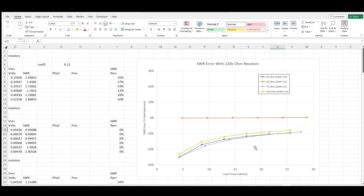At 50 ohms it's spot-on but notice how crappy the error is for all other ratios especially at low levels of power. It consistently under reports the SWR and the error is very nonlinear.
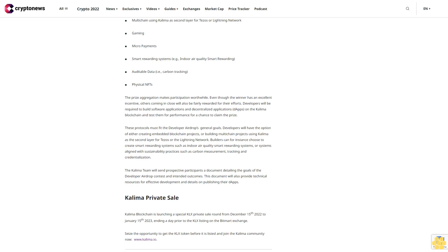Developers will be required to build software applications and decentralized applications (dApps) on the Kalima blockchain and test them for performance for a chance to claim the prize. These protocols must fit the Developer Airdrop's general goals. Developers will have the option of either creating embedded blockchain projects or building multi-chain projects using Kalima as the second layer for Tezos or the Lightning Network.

----------------------------------------

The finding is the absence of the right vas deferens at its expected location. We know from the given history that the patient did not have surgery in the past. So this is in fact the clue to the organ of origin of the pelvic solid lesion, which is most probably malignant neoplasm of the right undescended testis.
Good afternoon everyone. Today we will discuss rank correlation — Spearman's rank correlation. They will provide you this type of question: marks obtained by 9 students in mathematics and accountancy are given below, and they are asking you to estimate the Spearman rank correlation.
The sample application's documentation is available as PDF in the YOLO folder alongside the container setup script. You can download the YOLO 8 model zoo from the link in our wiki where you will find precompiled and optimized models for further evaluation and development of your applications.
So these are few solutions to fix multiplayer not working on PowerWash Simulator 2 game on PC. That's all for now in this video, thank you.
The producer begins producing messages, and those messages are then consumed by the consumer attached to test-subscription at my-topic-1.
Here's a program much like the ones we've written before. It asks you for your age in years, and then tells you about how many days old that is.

----------------------------------------

Work item - Using the listing above, show each line with the word "then" in it.

Reply to the task -
The producer begins producing messages, and those messages are then consumed by the consumer attached to test-subscription at my-topic-1.
Here's a program much like the ones we've written before. It asks you for your age in years, and then tells you about how many days old that is.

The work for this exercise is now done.